▶ [What needs to be done]:
Look below for the line that contains "Average Bridge Truck" and the line that contains "Búsquedas 2024 de", then restate both of them and every line in between, exactly. No picture goes in the copy.

▶ [Supplied data]:
*** Begin section ***
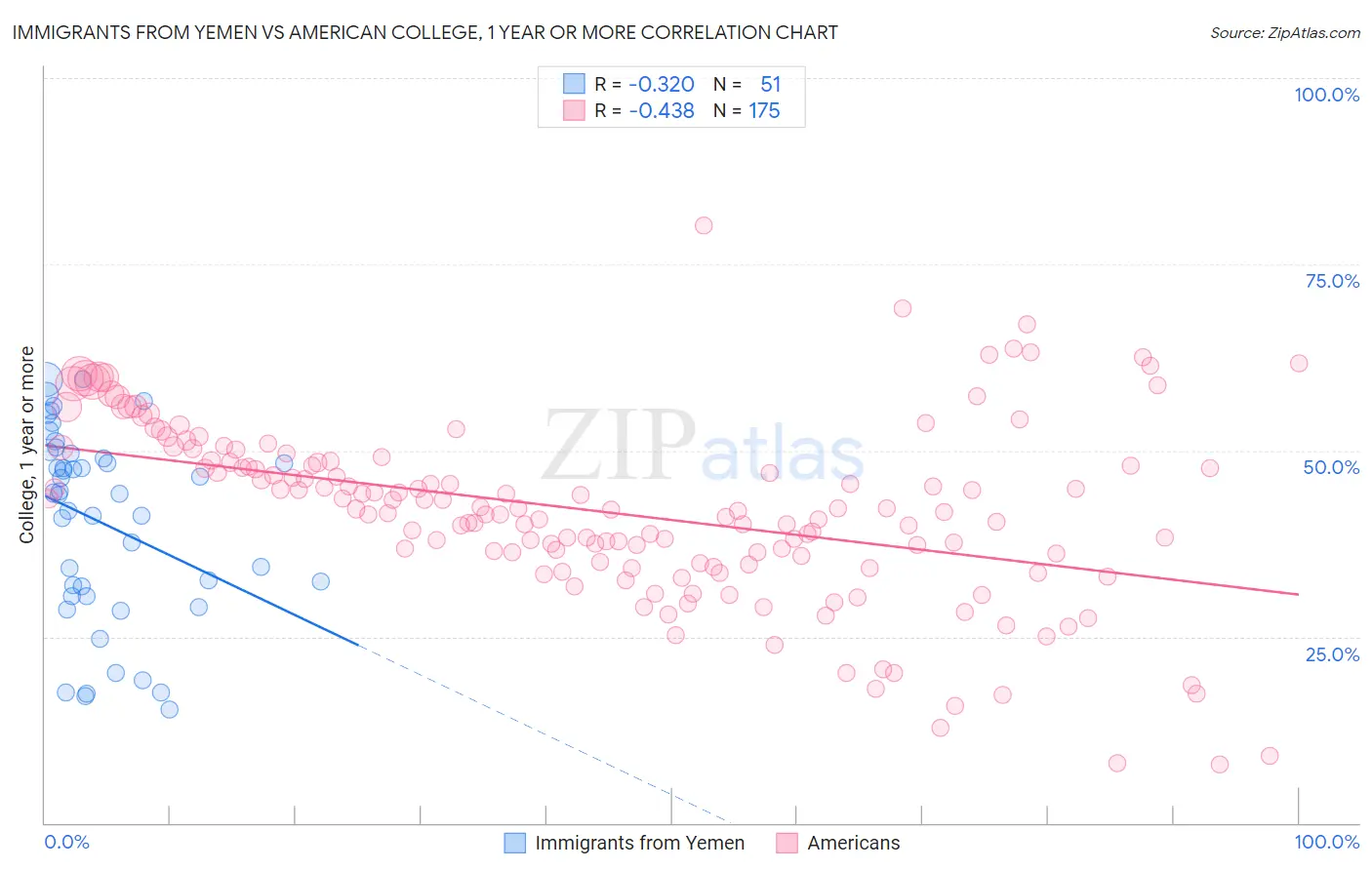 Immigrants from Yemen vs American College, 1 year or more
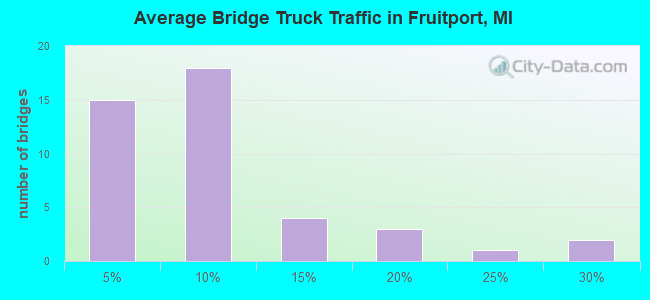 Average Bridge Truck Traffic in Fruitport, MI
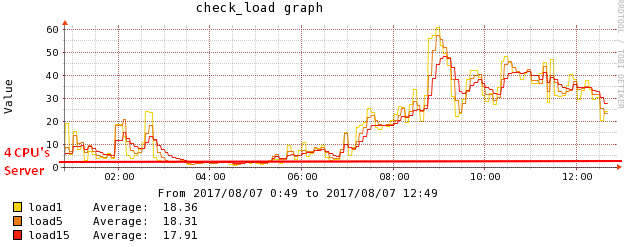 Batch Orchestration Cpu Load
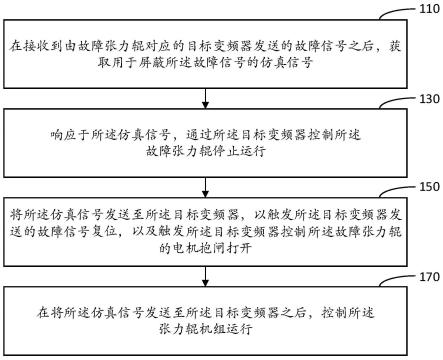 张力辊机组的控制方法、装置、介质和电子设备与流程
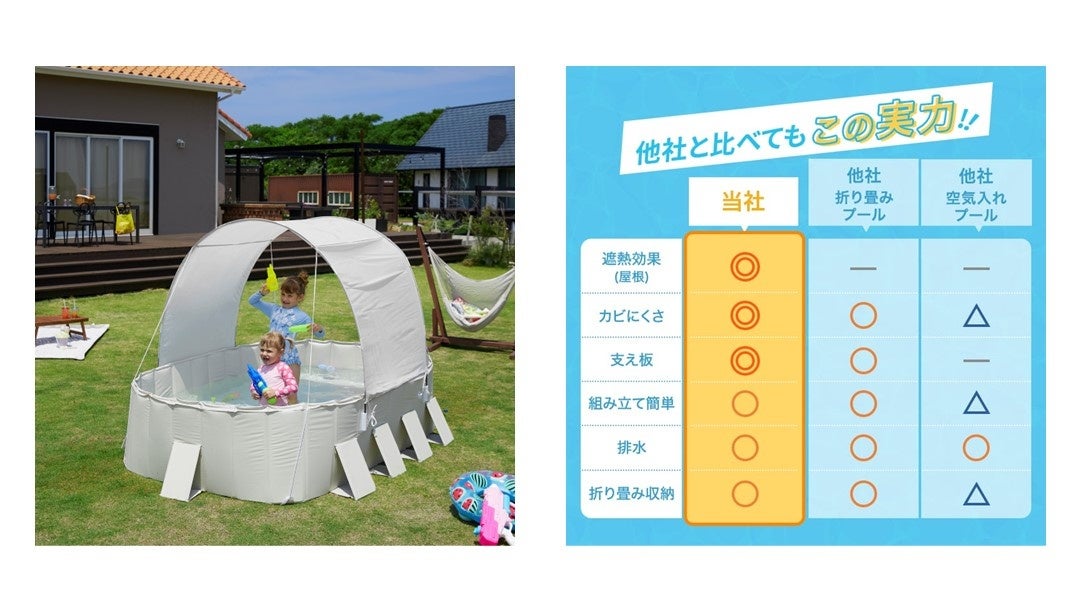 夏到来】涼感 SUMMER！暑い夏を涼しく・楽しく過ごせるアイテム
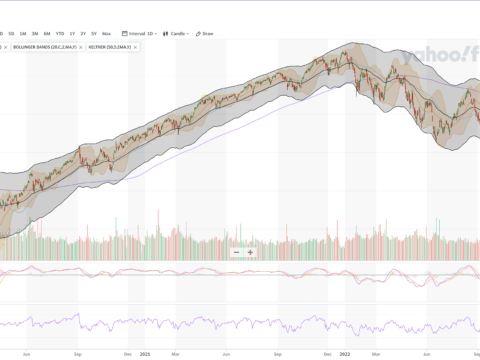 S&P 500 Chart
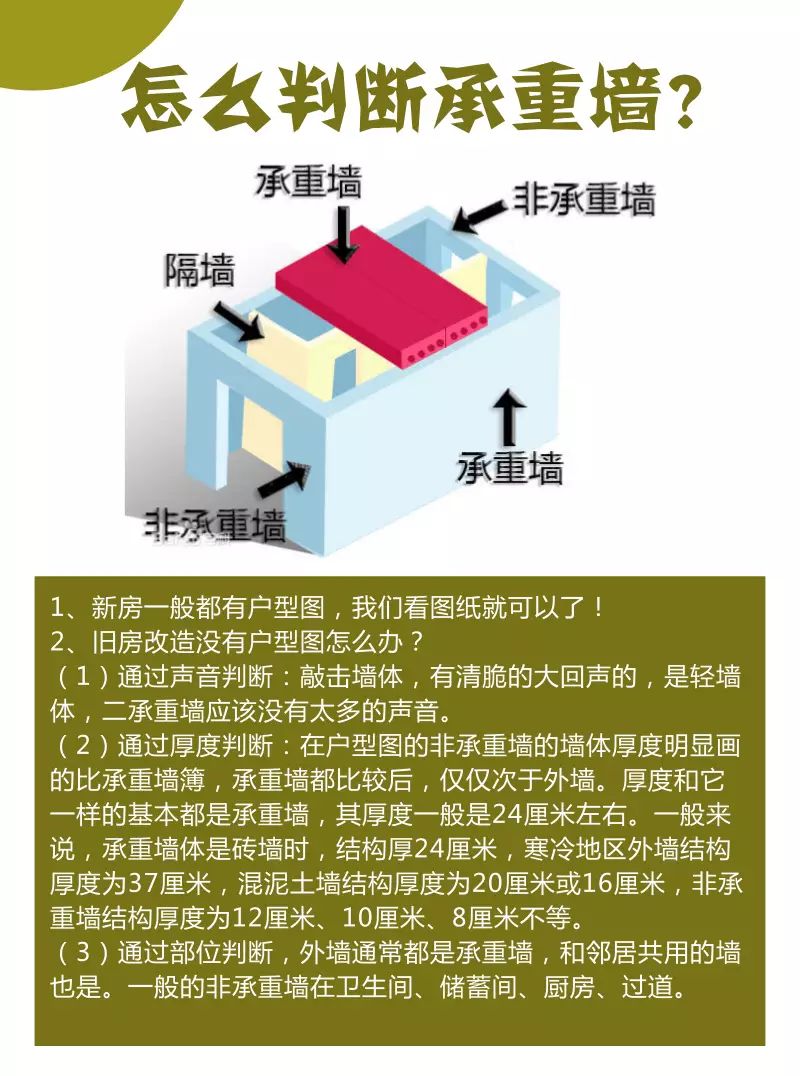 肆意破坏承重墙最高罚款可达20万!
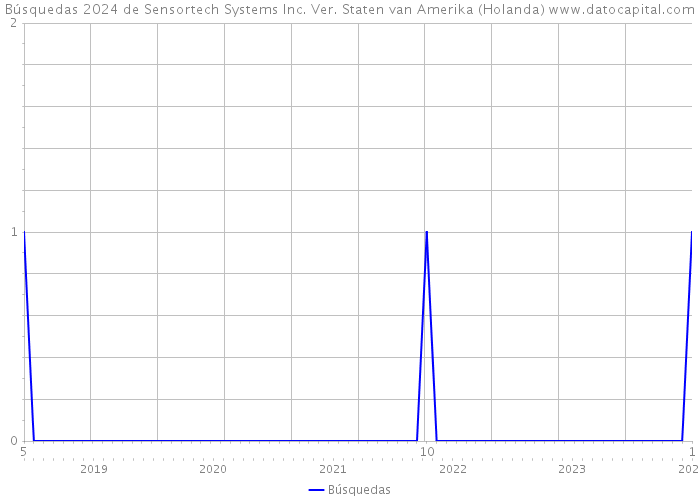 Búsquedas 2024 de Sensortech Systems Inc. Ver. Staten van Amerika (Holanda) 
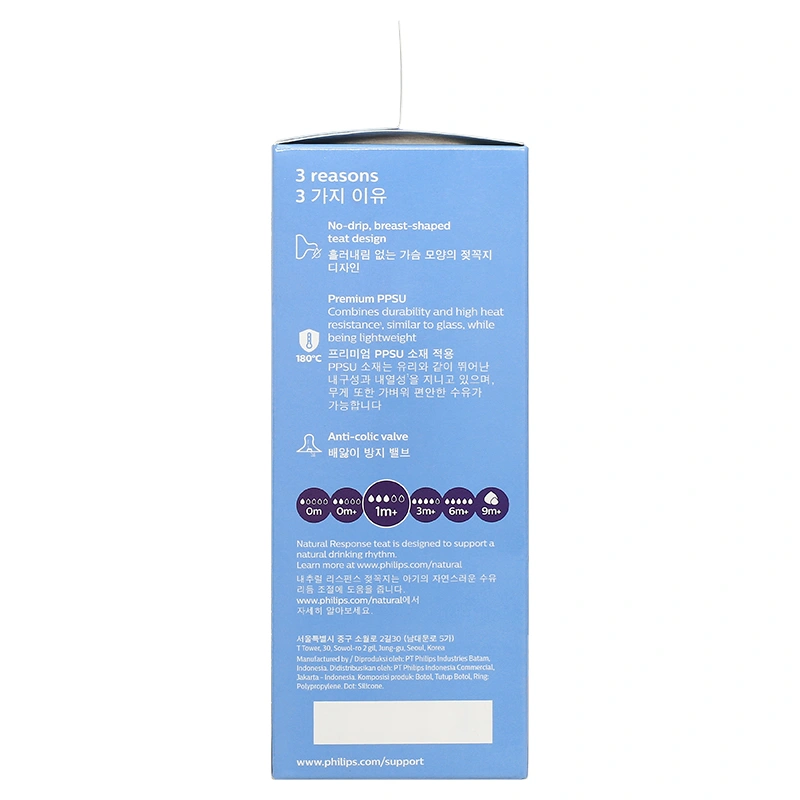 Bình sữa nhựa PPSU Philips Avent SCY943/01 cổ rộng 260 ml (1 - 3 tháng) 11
*** End section ***
▶ [Written response]:
 Average Bridge Truck Traffic in Fruitport, MI
 Batch Orchestration Cpu Load
 张力辊机组的控制方法、装置、介质和电子设备与流程
 夏到来】涼感 SUMMER！暑い夏を涼しく・楽しく過ごせるアイテム
 S&P 500 Chart
 肆意破坏承重墙最高罚款可达20万!
 Búsquedas 2024 de Sensortech Systems Inc. Ver. Staten van Amerika (Holanda) 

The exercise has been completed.